Can I remove this steel box? Is there masonry behind it? I tap on the steel and it sounds like there is room behind it. I will open it up when i get home and take better pics for you. This is the only pic i have available of the outside


----------



## DAKSY (Apr 3, 2013)

Without seeing a better pic of the inside, it's hard to tell EXACTLY what you have, but if the venting was metal, it's probably a Zero Clearance (ZC) fire place. Chances are that there is no masonry behind it. ZC boxes are usually framed in with lumber or steel studs. Look inside the opening - behind the doors - for a rating plate. If there is one, & you can read it, let us know what it says. Also, if the venting has already rusted out, you're going to have to rip out that whole thing anyway. You should maybe start looking for EPA rated ZC fire places to install in that location & forgo an insert.


----------



## USMC80 (Apr 3, 2013)

OK I will post some better pics tonight.  If it is a ZC fireplace that means I have to open the whole wall to remove and replace it?  I can install a ZC fireplace with the existing clay flue?


----------



## DAKSY (Apr 3, 2013)

USMC80 said:


> OK I will post some better pics tonight. If it is a ZC fireplace that means I have to open the whole wall to remove and replace it? I can install a ZC fireplace with the existing clay flue?


 
Clay? If there's clay tile in there, then it's not a ZC box. What does the chase/chimney outside look like? is IT masonry or is it framed & sided?


----------



## USMC80 (Apr 3, 2013)

its all masonry with what I think is a 6"x10" clay flu.  my wood furnace flue is right next to in in the same chimney


----------



## USMC80 (Apr 3, 2013)

does this mean its a prefab fireplace?


----------



## coldkiwi (Apr 3, 2013)

Are the vents on either  side of the fireplace anything to do with it?Could be a heatilater type fireplace


----------



## Havendalefarm (Apr 3, 2013)

coldkiwi said:


> Are the vents on either side of the fireplace anything to do with it?Could be a heatilater type fireplace


 This is what I wonder, it almost looks like maybe someone paneled over something.
 If you could put an insert I would think the TV would have to move.


----------



## USMC80 (Apr 3, 2013)

no vents are closed off from old furnace duct work


----------



## USMC80 (Apr 3, 2013)

really dont want to rip the whole thing out, seems the enviro 1200 would fit.  Is it acceptable to put an insert into one of these things?


----------



## KaptJaq (Apr 3, 2013)

USMC80 said:


> does this mean its a prefab fireplace?


 
Were you able to find an ID plate just inside the door near the bottom? Does your masonry chimney flair out near the bottom to the size of a fireplace or is it just the straight run right down to the ground?

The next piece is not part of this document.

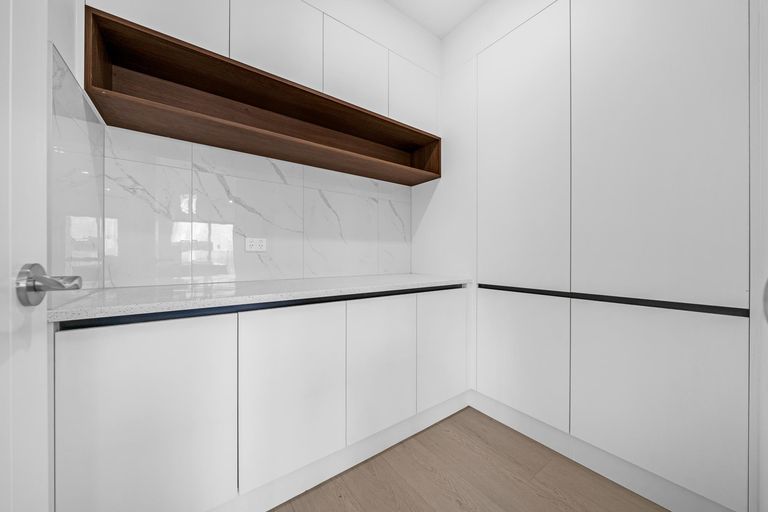 Photo of property in 30 Korowhiti Road, Clarks Beach, 2122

We are all just guessing. My GUESS is that it is some type of pre-fab fireplace vented into the flue in the masonry chimney. Until you either find the manufacturer's plate or some way to see what is inside I don't think anybody here will be able to help you.



USMC80 said:


> really dont want to rip the whole thing out, seems the enviro 1200 would fit. Is it acceptable to put an insert into one of these things?


 
Until you know for sure what is there it will be hard to comment on whether or not it is suitable for any insert.

KaptJaq


----------



## USMC80 (Apr 3, 2013)

ok, i will clean it out good after work and take some pics


----------



## dougand3 (Apr 3, 2013)

Put an insert in there? I sure wouldn't unless you can totally confirm CTC (Clearance To Combustibles) distances. It looks like you have a prefab FP/Builder's Box. Read about these issues on this thread: 
https://www.hearth.com/talk/threads/help-with-id-on-a-fireplace.108233/


----------



## begreen (Apr 3, 2013)

> the flue is already removed (rusted out)


 
I think this is what is confusing. Please explain in greater detail. Is this on an exterior wall? If so, post a picture of the outdoor side too.


----------



## USMC80 (Apr 3, 2013)

no its interior, runs through attic


----------



## KaptJaq (Apr 3, 2013)

USMC80 said:


> the flue is already removed (rusted out)





begreen said:


> I think this is what is confusing. Please explain in greater detail. Is this on an exterior wall? If so, post a picture of the outdoor side too.





USMC80 said:


> its all masonry with what I think is a 6"x10" clay flu. my wood furnace flue is right next to in in the same chimney


 
Was there a steel liner running up the clay flue in the masonry chimney? Were there two steel liners (one for the furnace and one for the fireplace) in the same clay flue or two clay flues each with a liner?  Lots of pictures of everything will help...

KaptJaq


----------



## USMC80 (Apr 3, 2013)

No steel liners in either flu just clay.  both separate clay flues in same chimney


----------



## KaptJaq (Apr 3, 2013)

USMC80 said:


> the flue is already removed (rusted out)





USMC80 said:


> No steel liners in either flu just clay. both separate clay flues in same chimney


 

Then what was rusted and removed?


----------



## USMC80 (Apr 3, 2013)

the damper itself rusted out wasnt working right so i removed it, ahh crap just reread my original post.  No wonder I had everyone confused!  Sorry guys, edited it.


----------



## coldkiwi (Apr 3, 2013)

No more thoughts on the fireplace but I think your dog may need an exorcism  LOL


----------



## USMC80 (Apr 3, 2013)

coldkiwi said:


> No more thoughts on the fireplace but I think your dog may need an exorcism LOL


 

He does look possessed


----------



## mellow (Apr 3, 2013)

Ahh damper, that makes a difference, sounds like a masonry fireplace now. If you feel sure you won't use the fireplace ever again you could try cutting out a piece of the metal and see if brick is behind it, you got a carbide hole cutter sitting around?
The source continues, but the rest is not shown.